# Small coal loader



## isoc (Jan 23, 2017)

I am modeling a branch line, and don't have bench work enough to have a good service area for steam locomotives. So I am imagining that the roundhouse and most service areas are at the other end of the branch line, which is "off site" for me. 

I do have a water tank along the line, but at an area I have designated for locomotives to "park" in between runs, I would like to be able to have a small coal loading capability. In my imagination, most locomotives don't need much coal, but sometimes they might need some. 

I have been imagining putting a pile of coal where the locomotives sit. I don't want to build a "tower". 

Attached is a conceptual picture of some balsa wood I placed there to see what a small "loader" might look like, to lift the coal off the pile and get it into a tender. I can't find any kit like this. Has anyone built something like this, or am I all on my own?

- Ted


----------



## Tom17 (Jan 14, 2016)

How about this https://www.walthers.com/truck-dump-kit


----------



## isoc (Jan 23, 2017)

Thanks, Tom.
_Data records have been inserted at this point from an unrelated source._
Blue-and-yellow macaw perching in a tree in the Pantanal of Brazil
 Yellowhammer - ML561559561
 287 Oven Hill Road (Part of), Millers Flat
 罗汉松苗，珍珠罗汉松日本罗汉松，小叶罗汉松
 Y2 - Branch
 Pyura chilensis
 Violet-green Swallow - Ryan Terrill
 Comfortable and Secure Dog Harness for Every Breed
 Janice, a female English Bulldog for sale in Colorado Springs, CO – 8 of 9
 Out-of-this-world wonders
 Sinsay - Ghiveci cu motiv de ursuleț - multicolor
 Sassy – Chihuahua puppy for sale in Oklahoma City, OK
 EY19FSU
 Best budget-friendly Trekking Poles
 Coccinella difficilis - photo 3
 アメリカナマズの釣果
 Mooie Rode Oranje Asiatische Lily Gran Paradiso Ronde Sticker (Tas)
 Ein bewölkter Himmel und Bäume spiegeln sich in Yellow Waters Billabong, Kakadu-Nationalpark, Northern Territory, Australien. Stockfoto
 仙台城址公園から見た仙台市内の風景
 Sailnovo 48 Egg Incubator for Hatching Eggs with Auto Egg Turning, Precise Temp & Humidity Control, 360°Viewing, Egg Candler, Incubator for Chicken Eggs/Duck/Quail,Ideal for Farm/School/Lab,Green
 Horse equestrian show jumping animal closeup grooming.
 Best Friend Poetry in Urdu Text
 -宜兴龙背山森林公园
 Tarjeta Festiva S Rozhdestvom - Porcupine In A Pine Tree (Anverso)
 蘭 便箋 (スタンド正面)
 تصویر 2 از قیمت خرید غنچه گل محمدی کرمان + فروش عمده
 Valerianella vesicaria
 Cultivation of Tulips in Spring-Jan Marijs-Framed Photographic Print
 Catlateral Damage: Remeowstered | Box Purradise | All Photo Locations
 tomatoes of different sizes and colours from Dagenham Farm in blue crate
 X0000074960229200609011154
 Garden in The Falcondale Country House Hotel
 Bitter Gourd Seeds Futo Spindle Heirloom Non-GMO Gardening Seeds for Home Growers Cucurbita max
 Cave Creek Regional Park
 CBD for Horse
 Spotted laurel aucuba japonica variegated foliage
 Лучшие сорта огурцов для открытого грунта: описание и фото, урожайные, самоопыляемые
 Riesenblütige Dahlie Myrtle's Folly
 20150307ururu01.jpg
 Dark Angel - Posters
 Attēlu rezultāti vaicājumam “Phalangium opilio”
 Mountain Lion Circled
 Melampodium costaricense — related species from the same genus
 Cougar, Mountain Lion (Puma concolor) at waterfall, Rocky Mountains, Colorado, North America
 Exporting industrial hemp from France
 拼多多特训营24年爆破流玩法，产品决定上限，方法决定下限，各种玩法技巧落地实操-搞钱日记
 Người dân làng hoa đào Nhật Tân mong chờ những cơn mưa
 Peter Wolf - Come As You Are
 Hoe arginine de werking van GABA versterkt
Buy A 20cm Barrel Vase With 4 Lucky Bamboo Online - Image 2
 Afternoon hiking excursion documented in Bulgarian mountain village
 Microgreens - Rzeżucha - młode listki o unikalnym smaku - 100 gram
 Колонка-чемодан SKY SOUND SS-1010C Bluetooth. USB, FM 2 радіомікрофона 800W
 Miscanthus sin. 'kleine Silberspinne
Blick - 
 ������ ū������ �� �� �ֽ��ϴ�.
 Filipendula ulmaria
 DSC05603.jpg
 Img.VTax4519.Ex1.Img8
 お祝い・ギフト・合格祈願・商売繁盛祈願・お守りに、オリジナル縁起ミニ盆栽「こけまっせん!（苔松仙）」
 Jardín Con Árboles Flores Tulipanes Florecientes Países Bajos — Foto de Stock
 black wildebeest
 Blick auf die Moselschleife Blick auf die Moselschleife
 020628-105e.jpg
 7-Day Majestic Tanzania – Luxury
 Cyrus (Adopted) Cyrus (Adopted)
I'll look for that at my local hobby shop!

- Ted


----------



## CTValleyRR (Jul 26, 2014)

You might try adapting one of these:

https://www.walthers.com/old-time-coal-conveyor-kit-pkg-3


----------



## J.C. (Dec 24, 2016)

you could use the one CT suggested but put in a short siding then park a small 50 or 70 ton hopper and load out of it.


----------



## isoc (Jan 23, 2017)

This is what I got, about 80% of what I wanted, so it's OK for me.



- Ted


----------



## J.C. (Dec 24, 2016)

looks good the only thing I would do if mine would put a road to coal pile so dump truck could refill it or park a truck dumping coal there.


----------



## isoc (Jan 23, 2017)

For now that road is off the bench work. It's there, we just can't see it. I did add a bit of "dirt" to the grassy area, where a truck may occasionally pull up and tear up the turf. I may add a bit of road on the layout, too, after I "visualize" a bit more. My local hobby shop does have some of the Walther's Coal Yard Workers, so some of them will be working around this area. - Ted


----------



## Magic (Jan 28, 2014)

That coal loader worked out very nice indeed.

Magic


----------



## CTValleyRR (Jul 26, 2014)

I like it! Looks very good.

In addition to the road, perhaps a guy with a shovel moving it in, or even a backhoe, would complete the scene.


----------



## isoc (Jan 23, 2017)

Here it is with a couple of workers. - Ted


----------



## time warp (Apr 28, 2016)

Looks as good as anything you would find in the prototype. Excellent!


----------